Путь наш лежит на тот берег Эльдагоу, в горы.
…Впервые я увидел женьшень в детстве, на плантации, созданной моим дедом еще в девяностых годах прошлого столетия. Помню, мы с младшим братом тихо стоим на узкой дорожке, держась за руки отца. Дорожка — проход между грядами диких многолетних дедовских посадок женьшеня. Стоим и смотрим как завороженные на красные головки, на стрельчатые темно-зеленые листья. Стоим молча, слушаем, как отец тихо беседует с заведующим питомником Григорием Васильевичем о какой-то тле, о червяках, подтачивающих растения…
Потом я видел — это тоже было давно — обтрепанных, пахнущих костром корейцев-корневщиков, бережно и торжественно развязывающих перед жадным взором седого аптекаря свои продолговатые лубки из кедровой коры. Там на мху, слегка пересыпанные землей, лежали маленькие корявые «человечки» цвета слоновой кости. И все молчали, сдерживая дыхание…
Сам я женьшенем раньше никогда не занимался: не искал, не находил, не копал. В тайге главным для меня была охота. А тут вдруг почувствовал, что должен найти его сам, должен первым увидеть то, что еще не видел ни один глаз, получить право крикнуть старинный азиатский таежный клич: «Панцуй!»
Около километра Петр Афанасьевич ведет нас сквозь заросли вниз по течению. Здесь, подмытая водой, упала поперек реки не очень толстая, но длинная лесина. Упала и зацепилась вершиной за островок. За островком неглубокий рукав, основное течение проходит здесь, под нашим крутым берегом. Вода мутная и стремительная, пенится и мчится, унося на себе листья, ветки, корни, щепу. Лесина, вся мокрая от брызг и пены, дрожит под напором воды…

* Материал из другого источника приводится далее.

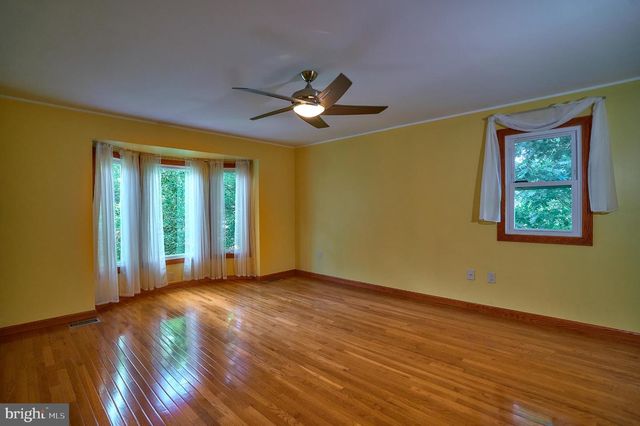 905 PEBBLE LN, Southampton, PA 18966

Петр Афанасьевич переходит первым. Сашка балансирует вслед за ним. Петр Афанасьевич смотрит на меня с того берега с усмешкой: как, мол? Кричит: «Может, ползком лучше?»
Нет, друзья, этого представления, о котором так интересно будет потом рассказывать дома, я вам не устрою.

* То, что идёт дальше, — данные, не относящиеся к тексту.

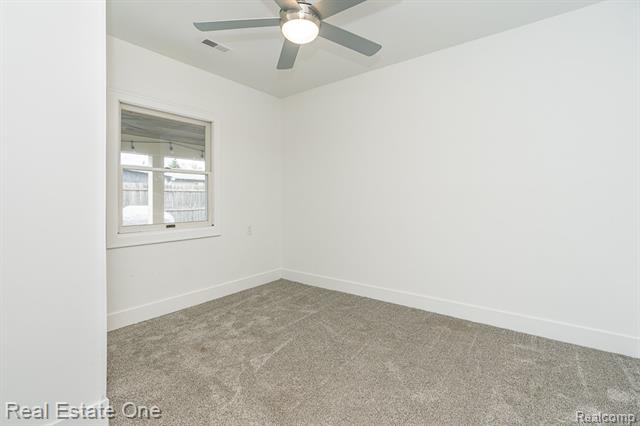 Builiding view fifteen for 2762 Emmons, Rochester, MI. 48307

Ствол дерева под напором вибрирует как живой. «Слечу — выплыву, чего тянуть», — ступаю и медленно двигаюсь полубоком, не глядя под ноги, но цепко нащупывая подошвами, к счастью, еще шероховатую кору дерева.
Перешли пойму и растянулись в цепочку для поиска. Сразу начался подъем, сильно заросший и каменистый.
Корень жизни ищут не как попало. Нет, это стройная, веками отработанная система. Корневщики неторопливо, но почти безостановочно движутся цепью в направлении, заранее намеченном старшим, — обычно по ключу или распадку. Склоны прочесывают виражами снизу вверх или наоборот, как удобнее. И особенно тщательно, если там есть старые, многолетние следы, как подлуб, говорящие о том, что женьшень когда-то здесь был…
Обычно на кедре, ближайшем от того места, где был обнаружен женьшень, со стороны, обращенной к этому месту, сдирается кора — подлуб; отсюда и название. Классический подлуб делали шириной около 20 и длиной до 80 сантиметров. Он сохраняется десятилетиями и виден издалека, порою даже на давно упавшем дереве. Что он означает? А то, что если тут к был когда-то вырыт корень или даже целая семья, то осыпавшиеся семена и маленькие корни могли остаться. Мог остаться необнаруженным и большой, «спящий» в те годы корень.